David Harsanyi of the Federalist questions large social media companies’ role in dictating the rules of appropriate speech.

Of course sites like Facebook, Apple, and YouTube are free to ban conspiracy mongers like Alex Jones from their platforms. They have a right to dictate the contours of permissible speech on their sites, and to enforce those standards either dutifully or hypocritically or ideologically or using any method they see fit. No one seriously disputes this.

Then again, Twitter also has a right, as a private entity, to take a stand, and, as the company’s CEO Jack Dorsey explains it, dispassionately allow free exchanges of ideas—even the ugly ones Infowars offers—as long as users don’t break the company’s rules. Yet, here we are, watching a number of journalists—supposed sentinels of free expression—demanding that billionaire CEOs start policing speech that makes them uncomfortable. …

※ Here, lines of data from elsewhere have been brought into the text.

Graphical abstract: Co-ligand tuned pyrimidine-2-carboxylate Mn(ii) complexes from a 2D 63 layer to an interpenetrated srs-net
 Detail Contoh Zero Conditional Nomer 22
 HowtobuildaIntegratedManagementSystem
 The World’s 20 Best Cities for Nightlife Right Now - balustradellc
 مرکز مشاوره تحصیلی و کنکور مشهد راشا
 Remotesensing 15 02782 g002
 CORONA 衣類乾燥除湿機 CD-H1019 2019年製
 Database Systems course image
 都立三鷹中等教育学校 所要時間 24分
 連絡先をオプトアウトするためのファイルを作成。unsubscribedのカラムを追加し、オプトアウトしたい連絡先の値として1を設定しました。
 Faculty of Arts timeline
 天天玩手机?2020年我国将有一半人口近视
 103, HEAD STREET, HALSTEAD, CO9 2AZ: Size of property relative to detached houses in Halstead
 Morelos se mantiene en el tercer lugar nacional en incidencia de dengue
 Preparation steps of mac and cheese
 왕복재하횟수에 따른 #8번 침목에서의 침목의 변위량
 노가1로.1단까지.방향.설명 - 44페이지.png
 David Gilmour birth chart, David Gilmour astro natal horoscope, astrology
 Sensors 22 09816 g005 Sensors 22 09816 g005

… To some extent, I can understand how frustrating it is watching a bigoted conspiracy theorist who has destroyed lives be provided a voice on a large media platform. After all, I’ve been trying to ignore Al Sharpton’s cable show for years. Yet if I were running a social media platform, I’d like to think I would allow nearly anyone— minus those who threaten violence or otherwise break the law—speak. It’s not as if users wouldn’t possess a block button. I can’t recall a single time in my decade using social media ever opening an Infowars link. I doubt most of you have either. Even if you did, you wouldn’t melt. They’re just words.

And while the ejection of Jones isn’t the end of the world, and it doesn’t necessarily portend a mass expulsion of less extreme voices, let’s stop acting like conservatives are foolish for harboring some concerns about the incrementalist goals of would-be liberal censors.